Doing Data Science: A Kaggle Walkthrough Part 2 – Understanding the Data
This is the second post in a fantastic 6 part series covering the process of data science, and the application of the process to a Kaggle competition. Read on for a great overview of practicing data science.
By Brett Romero, Open Data Kosovo.
This article on understanding the data is Part II in a series looking at data science and machine learning by walking through a Kaggle competition. Part I can be found here.
Continuing on the walkthrough of data science via a Kaggle competition entry, in this part we focus on understanding the data provided for the Airbnb Kaggle competition.
Reviewing the Data
In any process involving data, the first goal should always be understanding the data. This involves looking at the data and answering a range of questions including (but not limited to):
- What features (columns) does the dataset contain?
- How many records (rows) have been provided?
- What format is the data in (e.g. what format are the dates provided, are there numerical values, what do the different categorical values look like)?
- Are there missing values?
- How do the different features relate to each other?
For this competition, Airbnb have provided 6 different files. Two of these files provide background information (countries.csv and age_gender_bkts.csv), whilesample_submission_NDF.csv provides an example of how the submission file containing our final predictions should be formatted. The three remaining files are the key ones:
- train_users_2.csv – This dataset contains data on Airbnb users, including the destination countries. Each row represents one user with the columns containing various information such the users’ ages and when they signed up. This is the primary dataset that we will use to train the model.
- test_users.csv – This dataset also contains data on Airbnb users, in the same format astrain_users_2.csv, except without the destination country. These are the users for which we will have to make our final predictions.
- sessions.csv – This data is supplementary data that can be used to train the model and make the final predictions. It contains information about the actions (e.g. clicked on a listing, updated a wish list, ran a search etc.) taken by the users in both the testing and training datasets above.
With this information in mind, an easy first step in understanding the data is reviewing the information provided by the data provider – Airbnb. For this competition, the information can be found here. The main points (aside from the descriptions of the columns) are as follows:
- All the users in the data provided are from the USA.
- There are 12 possible outcomes of the destination country: ‘US’, ‘FR’, ‘CA’, ‘GB’, ‘ES’, ‘IT’, ‘PT’, ‘NL’,’DE’, ‘AU’, ‘NDF’ (no destination found), and ‘other’.
- ‘other’ means there was a booking, but in a country not included in the list, while ‘NDF’ means there was not a booking.

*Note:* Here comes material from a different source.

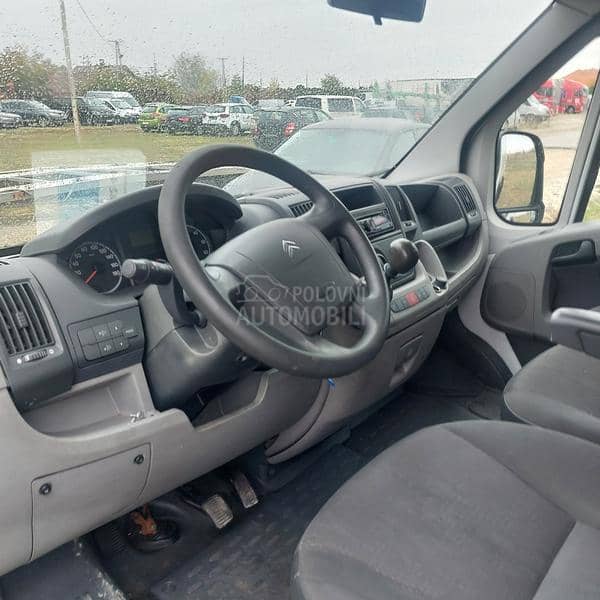 Citroen Jumper hdi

- The training and test sets are split by dates. In the test set, you will predict the destination country for all the new users with first activities after 7/1/2014
- In the sessions dataset, the data only dates back to 1/1/2014, while the training dataset dates back to 2010.
After absorbing this information, we can start looking at the actual data. For now we will focus on the train_users_2.csv file only.
Looking at the sample of three records above provides us with a few key pieces of information about this dataset. The first is that at least two columns have missing values – the age column and date_first_booking column. This tells us that before we use this data for training a model, these missing values need to be filled or the rows excluded altogether. These options will be discussed in more detail in the next part of this series.
Secondly, most of the columns provided contain categorical data (i.e. the values represent one of some fixed number of categories). In fact 11 of the 16 columns provided appear to be categorical. Most of the algorithms that are used in classification do not handle categorical data like this very well, and so when it comes to the data transformation step, we will need to find a way to change this data into a form that is more suited for classification.
Thirdly, the timestamp_first_active column looks to be a full timestamp, but in the format of a number. For example 20090609231247 looks like it should be 2009-06-09 23:12:47. This formatting will need to be corrected if we are to use the date values.